Is It Good: For those who love a slow burn (and dry British sensibilities) it is rather remarkable. While Ghostwatch, along with 1980’s Cannibal Holocaust, can now be viewed as a grandfather to the “found footage” genre, its own roots most directly lie with Orson Welles’ 1938 Halloween Eve broadcast-turned-inadvertent-super-prank radio play of The War of the Worlds. Only an idiot or the most socially detached individual could go into The Blair Witch Project and think it was real. You would have heard about this history-making “documentary” on the news long before it hit theaters if it actually contained footage of people being killed by ghosts. But like Welles’ famous broadcast, Ghostwatch pretends very convincingly to be a live television broadcast that goes disastrously wrong — in fact, it is almost too convincing. As I said, the TV special is a very, very slow burn, and brilliantly captures the slapdash aesthetics of a low-budget live broadcast. The program inches, ever so slowly, into creepier and creepier elements, until finally exploding in its last minutes with genuinely frightening and unnerving bits. But prior to that we’re treated to a hooky exploration of a family claiming to be plagued by an evil ghost. Craig Charles runs around the Northolt neighborhood grabbing plausibly dull interviews from people and making a general and further plausible ass of himself. Michael Parkinson and Dr. Lin Pascoe take callers live on the air, some of which I’m quite sure are actual callers telling real stories, considering BBC1 used their real station number on the program. It is all very savvy.
In fact, the savvier details of Ghostwatch are going to be largely lost on modern American audiences, who are obviously unfamiliar with local British programming from the early 1990s. To us Statesiders, the program’s hosts and reporters are just actors, but Michael Parkinson, Sarah Greene, Mike Smith, and Craig Charles are all actual TV personalities playing themselves. Mike Smith’s concern for the increasingly endangered Sarah Greene, as he remains trapped in the studio manning the phones, is rooted in reality, as the two were man and wife in real life. Michael Parkinson, a beloved talk show host, anchors the unfolding events perfectly. He may not be an actor, but years of interviews clearly gave him the right perspective on how and when to give a dubious smirk of disbelief to Dr. Lin Pascoe or to the ramblings of an unhelpful caller.

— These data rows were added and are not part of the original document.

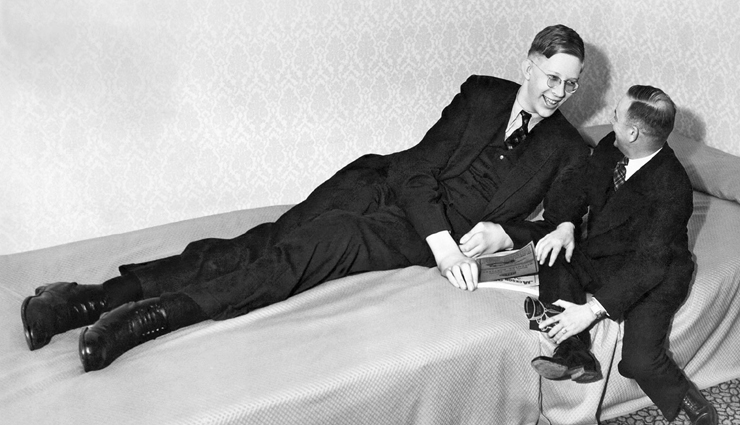 आजतक कोई भी नहीं तोड़ सका इस सबसे लंबे आदमी का रिकॉर्ड, पहनता था 37 नंबर का जूता weird news,weird incident,tallest man,robert wadlow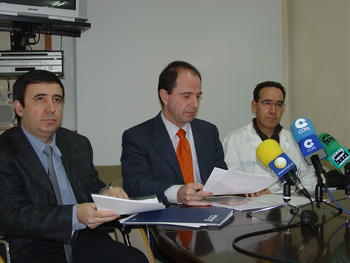 (De izda. a dcha.) Luis García, Luis Aguilera y Manuel Gómez, organizadores de las VIII Jornadas Medicina de Familia y Universidad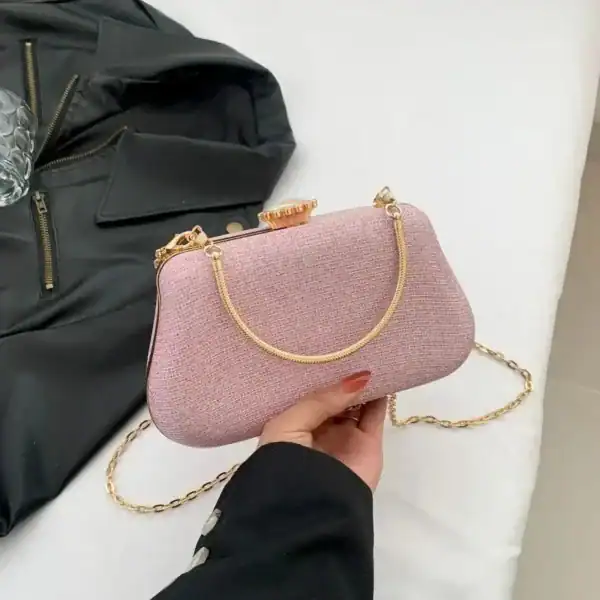 Beige clutch med gyllene kedja och elegant design.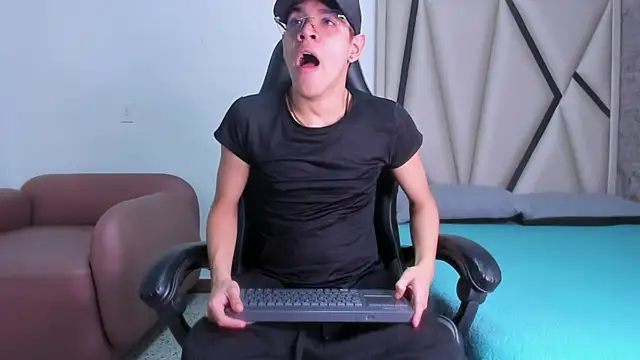 Bennet-Grayy online show from May 30, 4:23 am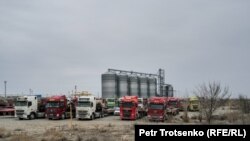 Грузовики на границе Казахстана и Китая. Фото из архива Азаттыка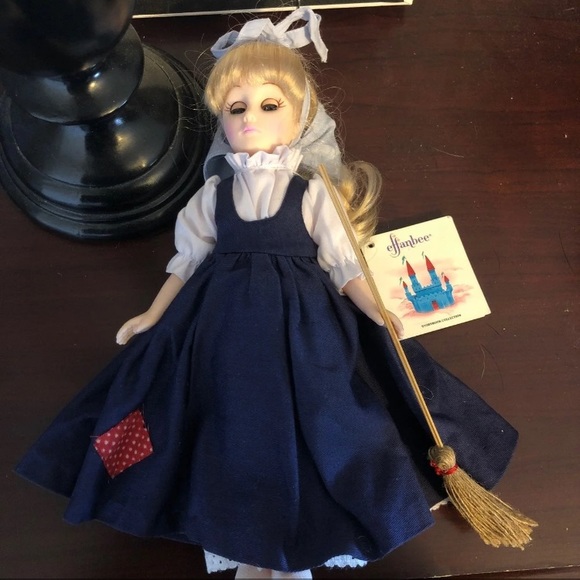 Poor Cinderella doll - Picture 5 of 12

Despite the fact that the program aired as part of the BBC anthology series, Screen One, and featured standard writing and acting credits, it is easy to see why so many Brits became convinced they were watching an actual live supernatural disaster on the ‘tellie.’ Further deepening the credibility was the fact that so many viewers called the station that the phones became tied up, so instead of receiving a pre-recorded message informing them that Ghostwatch was fake, they got a busy tone. Without giving away the climax of the film, I’ll just say that a dead phone line is exactly what you’d expect to hear based on how Ghostwatch closes out.
Creator Stephen Volk (Gothic, The Guardian) was drawing from the kinds of things one would typically see on a live “call-in” BBC show, but it is interesting how many now-familiar Paranormal Activity-esque bits he and director Lesley Manning ended up using. Due to budgetary and technical constraints, like PA and its current imitators, Ghostwatch doesn’t have special FX to fall back on. Suspense and chills come from timing and the use of silence and space. And unlike PA, in which we’re stuck with only two rather annoying characters, Ghostwatch is able to utilize its format to further the eeriness once things get going. The backstory on Pipes evolves over the course of the program, through interviews and one pointed phone call, and the narrative finally kicks into gear when we begin to suspect that Pipes may in fact be real and that he may be interfering with the broadcast itself. It is the best kind of cleverness, the kind you underestimate. I only wish I could have been a kid watching the program “live” on BBC1 back in ’92.
Hopefully some of our UK readers can chime in on this one with their own memories.
Is It Worth A Look: If you can find it, most definitely. Even if you aren’t that entertained by it, it is now an interesting curio of horror TV, not to mentioned a prototype for one of the more prevalent filmmaking gimmicks of the past ten years.
Random Anecdote: The film was banned from being re-aired on British television after the brouhaha caused by the original broadcast.
Cinematic Soulmates: Grave Encounters, The Last Broadcast, [REC].